AI Propaganda Isn't Just a Content Problem. It's an Emotional Infrastructure Problem
You've probably seen it without recognising it. An AI-generated rapper dropping bars about immigration and cultural decline. A Lego-style animation mocking world leaders. A meme that feels weirdly funny and unsettling at the same time. This is slopaganda — AI-generated propaganda designed to manipulate beliefs and feelings at speed and scale — and it is spreading fast.
A new piece from the Media Diversity Institute features Professor Vian Bakir (Bangor University) on exactly this phenomenon. The MDI article traces how slopaganda is being used to target marginalised groups, simulate false consensus, and flood information environments with emotionally charged content that is cheap to produce, easy to share, and hard to counter.

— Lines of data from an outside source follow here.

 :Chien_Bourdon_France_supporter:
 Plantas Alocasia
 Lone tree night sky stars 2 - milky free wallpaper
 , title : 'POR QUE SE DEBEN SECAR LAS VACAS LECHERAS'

But here's what the slopaganda debate often misses: the content itself is only the surface.
The Infrastructure Underneath
Slopaganda works not by presenting arguments people consciously accept, but by quietly embedding emotions and associations below the threshold of awareness. Repeated exposure to the same images, narratives, and emotional cues shapes how people feel about groups, institutions, and ideas — often without their knowledge or consent. The manipulation is not in any single piece of content. It is in the system that delivers it.
That system is emotional AI.
In their chapter "Guarding against Automated Empathy Attacks on Ontological Security" in the Routledge Handbook of the Influence Industry, Vian Bakir and Andrew McStay map out how emotional AI technologies — from social media sentiment profiling to biometric emotion recognition and, on the horizon, neurotech — can be weaponised to erode something far deeper than a person's opinion on a policy issue. They can erode ontological security: our foundational sense of self, identity, trust, and place in the world.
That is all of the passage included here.